◆ The records:

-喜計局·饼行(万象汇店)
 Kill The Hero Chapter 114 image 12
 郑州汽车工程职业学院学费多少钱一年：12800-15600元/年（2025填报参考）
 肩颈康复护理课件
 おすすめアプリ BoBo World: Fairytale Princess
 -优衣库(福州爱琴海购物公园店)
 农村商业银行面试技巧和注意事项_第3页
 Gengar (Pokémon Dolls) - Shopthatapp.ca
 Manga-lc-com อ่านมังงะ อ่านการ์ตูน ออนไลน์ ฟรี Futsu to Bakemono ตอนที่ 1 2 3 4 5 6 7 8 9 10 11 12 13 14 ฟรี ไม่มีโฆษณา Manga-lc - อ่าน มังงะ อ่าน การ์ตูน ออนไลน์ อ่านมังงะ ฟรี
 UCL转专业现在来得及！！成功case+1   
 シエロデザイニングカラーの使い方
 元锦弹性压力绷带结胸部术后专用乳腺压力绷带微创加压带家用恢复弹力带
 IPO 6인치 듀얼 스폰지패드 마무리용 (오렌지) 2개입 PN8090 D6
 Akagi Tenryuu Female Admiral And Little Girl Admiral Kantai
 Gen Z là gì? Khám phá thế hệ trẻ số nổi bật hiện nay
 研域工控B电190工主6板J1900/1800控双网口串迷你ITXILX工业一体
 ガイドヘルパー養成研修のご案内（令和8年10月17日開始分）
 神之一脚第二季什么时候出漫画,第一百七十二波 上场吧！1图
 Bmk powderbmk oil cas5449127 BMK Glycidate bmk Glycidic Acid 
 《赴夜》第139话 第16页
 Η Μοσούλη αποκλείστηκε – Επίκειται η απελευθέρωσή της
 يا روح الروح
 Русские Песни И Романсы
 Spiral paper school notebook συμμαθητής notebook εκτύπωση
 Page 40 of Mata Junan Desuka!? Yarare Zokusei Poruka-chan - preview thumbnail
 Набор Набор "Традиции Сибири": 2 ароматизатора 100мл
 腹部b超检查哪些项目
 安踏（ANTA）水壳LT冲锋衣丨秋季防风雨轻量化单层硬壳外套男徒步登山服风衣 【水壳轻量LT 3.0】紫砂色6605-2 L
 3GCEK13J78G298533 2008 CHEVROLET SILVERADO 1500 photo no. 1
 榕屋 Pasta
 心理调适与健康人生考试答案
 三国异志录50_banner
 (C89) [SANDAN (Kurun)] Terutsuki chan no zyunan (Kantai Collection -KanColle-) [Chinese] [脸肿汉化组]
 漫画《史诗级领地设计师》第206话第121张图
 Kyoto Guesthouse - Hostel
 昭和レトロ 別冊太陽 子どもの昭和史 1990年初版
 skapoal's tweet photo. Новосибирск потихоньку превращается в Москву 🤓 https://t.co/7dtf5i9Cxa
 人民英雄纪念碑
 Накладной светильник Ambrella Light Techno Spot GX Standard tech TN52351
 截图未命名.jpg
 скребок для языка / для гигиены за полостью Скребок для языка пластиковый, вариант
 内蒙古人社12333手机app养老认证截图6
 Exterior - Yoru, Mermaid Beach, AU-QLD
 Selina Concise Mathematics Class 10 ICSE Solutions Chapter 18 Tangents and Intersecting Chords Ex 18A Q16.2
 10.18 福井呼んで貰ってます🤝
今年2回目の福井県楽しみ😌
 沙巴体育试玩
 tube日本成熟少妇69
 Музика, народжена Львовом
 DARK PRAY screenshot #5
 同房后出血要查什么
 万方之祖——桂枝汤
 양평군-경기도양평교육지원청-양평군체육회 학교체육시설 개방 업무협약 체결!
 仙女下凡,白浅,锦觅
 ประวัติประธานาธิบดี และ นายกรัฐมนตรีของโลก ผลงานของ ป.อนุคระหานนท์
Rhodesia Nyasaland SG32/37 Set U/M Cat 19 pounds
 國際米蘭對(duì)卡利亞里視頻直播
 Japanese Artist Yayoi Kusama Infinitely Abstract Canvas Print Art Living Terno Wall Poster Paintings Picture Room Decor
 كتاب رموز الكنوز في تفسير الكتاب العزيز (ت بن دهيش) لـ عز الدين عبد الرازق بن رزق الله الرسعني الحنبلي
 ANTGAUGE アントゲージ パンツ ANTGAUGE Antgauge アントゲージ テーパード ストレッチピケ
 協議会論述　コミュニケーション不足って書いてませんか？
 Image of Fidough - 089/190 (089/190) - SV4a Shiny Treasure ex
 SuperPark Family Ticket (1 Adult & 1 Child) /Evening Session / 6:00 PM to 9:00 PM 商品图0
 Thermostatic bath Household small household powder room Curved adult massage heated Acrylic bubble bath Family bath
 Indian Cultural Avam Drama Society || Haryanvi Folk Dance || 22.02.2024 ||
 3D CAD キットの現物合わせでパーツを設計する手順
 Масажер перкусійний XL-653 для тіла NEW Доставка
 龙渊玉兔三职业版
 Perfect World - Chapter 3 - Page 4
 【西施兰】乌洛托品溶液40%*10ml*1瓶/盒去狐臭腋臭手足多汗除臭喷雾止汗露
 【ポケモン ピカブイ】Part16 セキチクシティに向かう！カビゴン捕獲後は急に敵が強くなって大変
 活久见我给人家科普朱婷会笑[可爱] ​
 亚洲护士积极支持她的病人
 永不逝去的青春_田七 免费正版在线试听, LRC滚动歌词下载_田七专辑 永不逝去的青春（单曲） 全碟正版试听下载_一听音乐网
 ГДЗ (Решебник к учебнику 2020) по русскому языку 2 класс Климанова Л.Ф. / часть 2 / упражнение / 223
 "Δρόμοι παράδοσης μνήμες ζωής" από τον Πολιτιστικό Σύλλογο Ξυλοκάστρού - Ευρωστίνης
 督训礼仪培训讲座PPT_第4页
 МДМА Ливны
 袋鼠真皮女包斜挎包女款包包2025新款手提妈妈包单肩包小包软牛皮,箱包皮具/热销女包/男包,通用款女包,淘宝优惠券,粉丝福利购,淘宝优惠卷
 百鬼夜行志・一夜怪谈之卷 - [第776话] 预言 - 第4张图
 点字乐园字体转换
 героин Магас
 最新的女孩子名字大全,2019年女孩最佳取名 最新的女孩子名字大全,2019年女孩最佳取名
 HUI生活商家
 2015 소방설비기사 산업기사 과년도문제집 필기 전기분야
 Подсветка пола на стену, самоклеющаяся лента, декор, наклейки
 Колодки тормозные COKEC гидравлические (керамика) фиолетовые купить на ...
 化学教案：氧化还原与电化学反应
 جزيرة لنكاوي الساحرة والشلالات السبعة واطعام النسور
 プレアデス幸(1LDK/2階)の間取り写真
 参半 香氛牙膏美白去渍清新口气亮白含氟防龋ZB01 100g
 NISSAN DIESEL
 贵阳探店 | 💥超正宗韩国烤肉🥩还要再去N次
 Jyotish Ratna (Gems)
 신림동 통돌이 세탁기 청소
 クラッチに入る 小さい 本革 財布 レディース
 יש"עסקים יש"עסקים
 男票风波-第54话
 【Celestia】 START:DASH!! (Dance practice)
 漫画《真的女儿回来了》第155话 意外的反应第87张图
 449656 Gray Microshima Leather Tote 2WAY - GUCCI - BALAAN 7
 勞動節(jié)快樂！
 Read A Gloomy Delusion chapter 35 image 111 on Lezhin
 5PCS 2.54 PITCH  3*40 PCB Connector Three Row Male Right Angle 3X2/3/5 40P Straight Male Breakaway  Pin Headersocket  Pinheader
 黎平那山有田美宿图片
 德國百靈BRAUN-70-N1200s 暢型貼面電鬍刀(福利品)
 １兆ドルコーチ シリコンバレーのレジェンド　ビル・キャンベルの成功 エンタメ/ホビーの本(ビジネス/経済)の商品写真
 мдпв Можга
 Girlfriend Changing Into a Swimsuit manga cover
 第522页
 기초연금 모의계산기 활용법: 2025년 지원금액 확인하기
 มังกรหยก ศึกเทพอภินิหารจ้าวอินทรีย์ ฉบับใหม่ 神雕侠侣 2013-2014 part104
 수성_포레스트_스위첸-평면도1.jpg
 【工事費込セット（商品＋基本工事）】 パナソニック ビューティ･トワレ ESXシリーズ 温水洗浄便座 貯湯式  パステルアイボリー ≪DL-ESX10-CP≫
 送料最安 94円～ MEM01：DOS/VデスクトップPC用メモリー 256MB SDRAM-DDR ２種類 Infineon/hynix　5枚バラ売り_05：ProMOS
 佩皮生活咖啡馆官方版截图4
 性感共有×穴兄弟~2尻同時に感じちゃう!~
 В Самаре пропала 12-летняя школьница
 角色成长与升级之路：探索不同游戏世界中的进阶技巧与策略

◆ Try it: Above are the records; from them, give again exactly the lines from the one containing "Накладной светильник Ambrella" through the one containing "袋鼠真皮女包斜挎包女款包包2", both included.

◆ Solution for this problem:
 Накладной светильник Ambrella Light Techno Spot GX Standard tech TN52351
 截图未命名.jpg
 скребок для языка / для гигиены за полостью Скребок для языка пластиковый, вариант
 内蒙古人社12333手机app养老认证截图6
 Exterior - Yoru, Mermaid Beach, AU-QLD
 Selina Concise Mathematics Class 10 ICSE Solutions Chapter 18 Tangents and Intersecting Chords Ex 18A Q16.2
 10.18 福井呼んで貰ってます🤝
今年2回目の福井県楽しみ😌
 沙巴体育试玩
 tube日本成熟少妇69
 Музика, народжена Львовом
 DARK PRAY screenshot #5
 同房后出血要查什么
 万方之祖——桂枝汤
 양평군-경기도양평교육지원청-양평군체육회 학교체육시설 개방 업무협약 체결!
 仙女下凡,白浅,锦觅
 ประวัติประธานาธิบดี และ นายกรัฐมนตรีของโลก ผลงานของ ป.อนุคระหานนท์
Rhodesia Nyasaland SG32/37 Set U/M Cat 19 pounds
 國際米蘭對(duì)卡利亞里視頻直播
 Japanese Artist Yayoi Kusama Infinitely Abstract Canvas Print Art Living Terno Wall Poster Paintings Picture Room Decor
 كتاب رموز الكنوز في تفسير الكتاب العزيز (ت بن دهيش) لـ عز الدين عبد الرازق بن رزق الله الرسعني الحنبلي
 ANTGAUGE アントゲージ パンツ ANTGAUGE Antgauge アントゲージ テーパード ストレッチピケ
 協議会論述　コミュニケーション不足って書いてませんか？
 Image of Fidough - 089/190 (089/190) - SV4a Shiny Treasure ex
 SuperPark Family Ticket (1 Adult & 1 Child) /Evening Session / 6:00 PM to 9:00 PM 商品图0
 Thermostatic bath Household small household powder room Curved adult massage heated Acrylic bubble bath Family bath
 Indian Cultural Avam Drama Society || Haryanvi Folk Dance || 22.02.2024 ||
 3D CAD キットの現物合わせでパーツを設計する手順
 Масажер перкусійний XL-653 для тіла NEW Доставка
 龙渊玉兔三职业版
 Perfect World - Chapter 3 - Page 4
 【西施兰】乌洛托品溶液40%*10ml*1瓶/盒去狐臭腋臭手足多汗除臭喷雾止汗露
 【ポケモン ピカブイ】Part16 セキチクシティに向かう！カビゴン捕獲後は急に敵が強くなって大変
 活久见我给人家科普朱婷会笑[可爱] ​
 亚洲护士积极支持她的病人
 永不逝去的青春_田七 免费正版在线试听, LRC滚动歌词下载_田七专辑 永不逝去的青春（单曲） 全碟正版试听下载_一听音乐网
 ГДЗ (Решебник к учебнику 2020) по русскому языку 2 класс Климанова Л.Ф. / часть 2 / упражнение / 223
 "Δρόμοι παράδοσης μνήμες ζωής" από τον Πολιτιστικό Σύλλογο Ξυλοκάστρού - Ευρωστίνης
 督训礼仪培训讲座PPT_第4页
 МДМА Ливны
 袋鼠真皮女包斜挎包女款包包2025新款手提妈妈包单肩包小包软牛皮,箱包皮具/热销女包/男包,通用款女包,淘宝优惠券,粉丝福利购,淘宝优惠卷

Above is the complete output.